TASK TO COMPLETE :: Write out each entry below exactly; the images do not belong in your copy.

LISTED ENTRIES ::
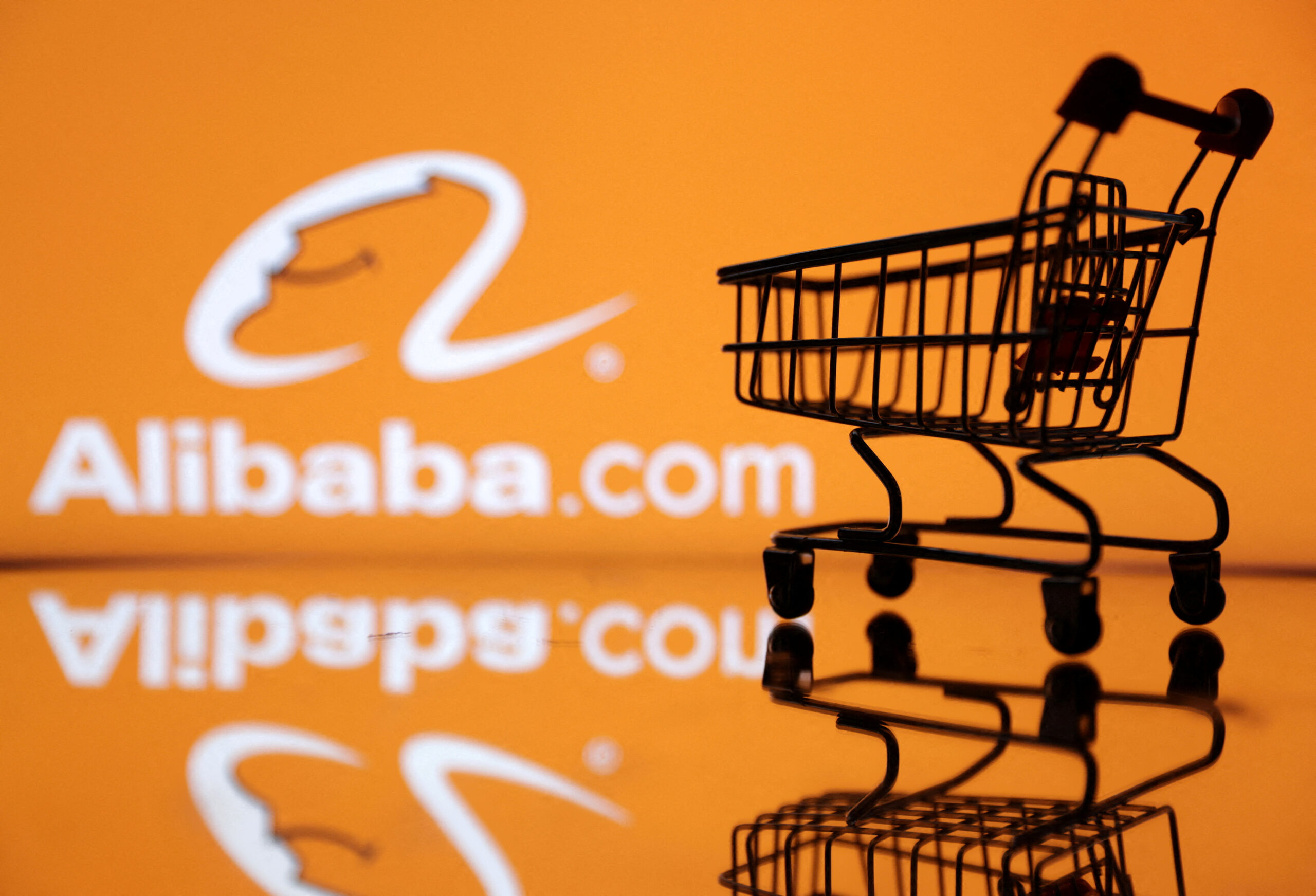 Alibaba and AliExpress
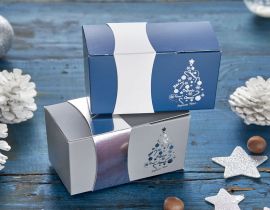 Sapin de Noël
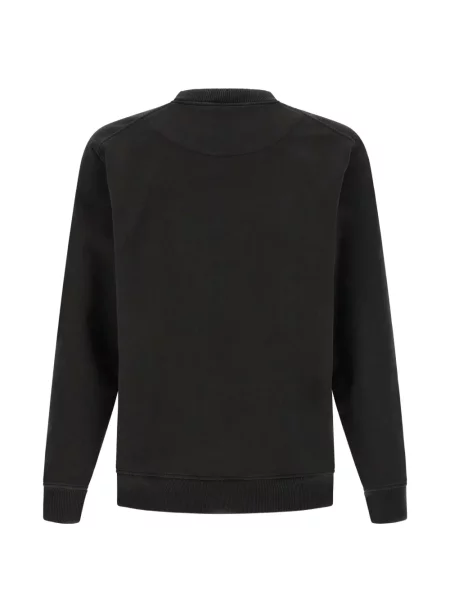 Hanorac Riviera negru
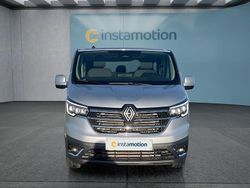 Neu 2025 Renault Trafic Van | 41.399 € (Fairer Preis)
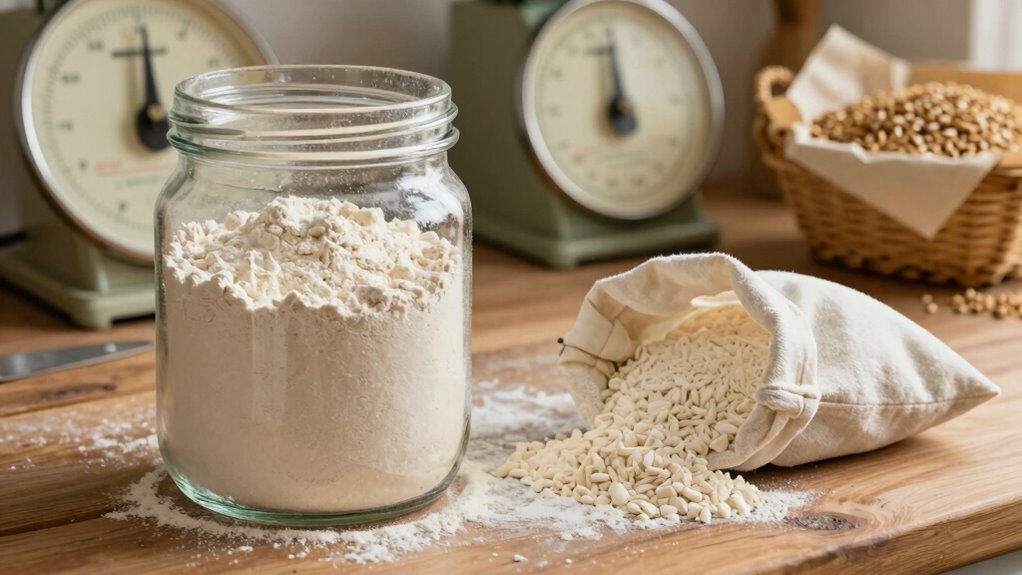 fresh oils accelerate spoilage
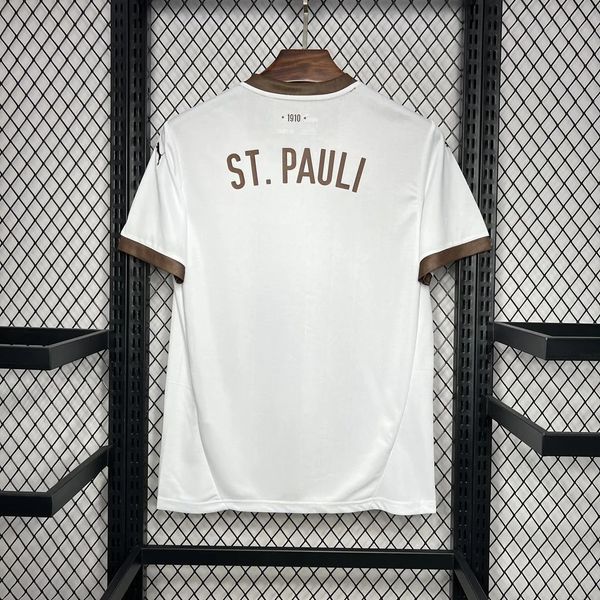 FC St Pauli 2024-2025 away image 2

EXERCISE RESPONSE ::
 Alibaba and AliExpress
 Sapin de Noël
 Hanorac Riviera negru
 Neu 2025 Renault Trafic Van | 41.399 € (Fairer Preis)
 fresh oils accelerate spoilage
 FC St Pauli 2024-2025 away image 2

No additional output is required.